レイシャルメモリー 3-07


 クエイドに視線で示され、フォースは思わずかしこまった。夫人はクエイドに手を借り、上体を起こす。白く柔らかそうな髪が揺れ、夫人はフォースに向かって上品なお辞儀をした。
「ありがとうございます。これを、どこで……?」
 凍り付いたようなクエイドの視線が、フォースに向けられる。
 フォースはそのペンタグラムを、クロフォードから受け取った。ライザナルでは、エレンとフォースをさらった犯人の所持品と思われている。そしてそれを確かめるため、ここに来たのだ。

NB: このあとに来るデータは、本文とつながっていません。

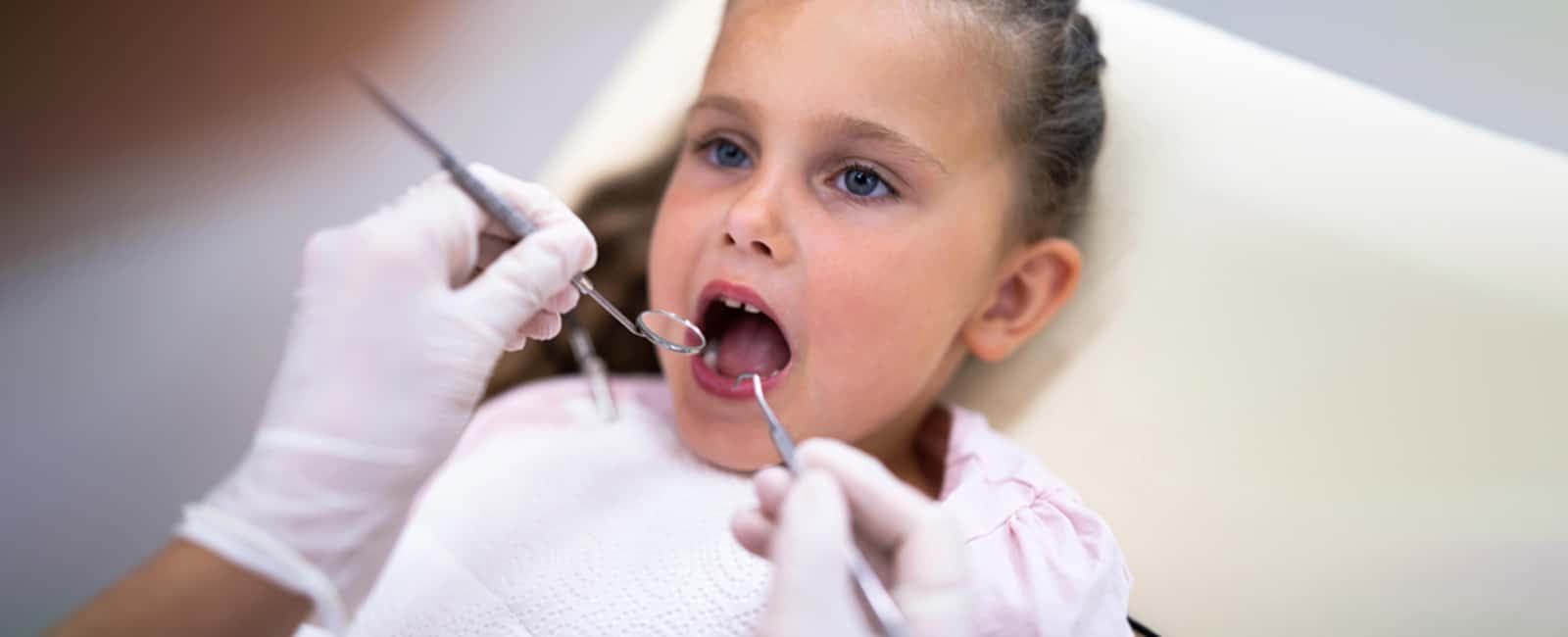 Impacted Canine Treatment: What Parents in Palo Alto Need to Know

「申し訳ありません。私はクエイド殿に渡してくれと言付かっただけで、詳しいことは知らないんです」
 だがフォースは、夫人に対してその事実を伝えることができなかった。そのために眉を寄せた表情を見て、クエイドはフォースが知っていると思ったのだろう、ホッとしたような、しかし悲しげな笑みを浮かべている。
「ありがとうございます。本当にありがとうございます」
 クエイドに背を撫でられながら、何度も頭を下げる夫人に敬礼を向け、フォースは元の部屋へと戻った。寂しげに置いてある一つだけのカップに迎えられ、フォースはため息をつく。

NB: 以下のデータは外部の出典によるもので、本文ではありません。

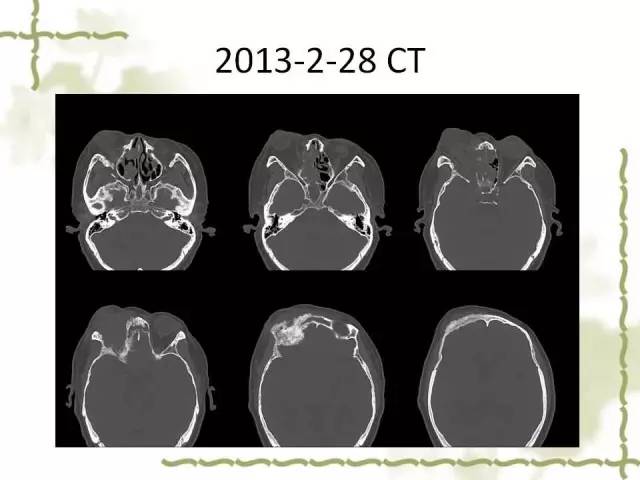 【病例】泪腺多形性腺癌1例MR影像表现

 クエイドのあの様子では、息子のしたことをすべて知っているのだろう。母エレンとフォースをさらったのが、そのうちの一つだということも。だからこそ、あの反応を示したのだ。
 後ろからついてきたグラントが、フォースの肩をポンと叩いて通り過ぎ、入り口側のドアへ戻って部屋の中央へ身体を向けた。その心配げな表情に、フォースはわずかな笑みを返した。
 クエイドが戻ってきた。夫人のいる部屋のドアをそっと閉じると、カップの置いてある前の椅子に腰掛ける。
「あんな小さなペンタグラム一つでも、幸せを感じられるモノなのだな」
 そう言うとクエイドは、立ったままでいるフォースと一度視線を合わせると、寂しげな笑みを浮かべた。フォースは気付かれぬように、気を静めるための深呼吸をして口を開く。
「母と俺をさらったのは、あんたの息子なんだってな」
 もはや疑いの余地はなかった。フォースの言葉にクエイドは、カップを見つめたまま肩の力を抜く。
「やはり、知っていたのか」
 予想通りの返事を返し、クエイドは視線をフォースに向けた。
「息子が私に反発し、ライザナルへ顔を出したせいで、ライザナルに私の存在が知れてしまった。諜報部のやからをどこの隊に配属しろだの、随分と利用されたよ。息子はその私と自分の利用のされ方に腹を立て、ライザナルに仕返ししようとエレンとお前をさらったんだ。息子がメナウルに帰って来たのはよかったと思ったが。戦をしている両国の狭間に手を触れてはいけなかった」
 早口で、しかし抑えた声でそう言うと、クエイドはフォースが何も言わないことに苦笑し、カップに視線を落とした。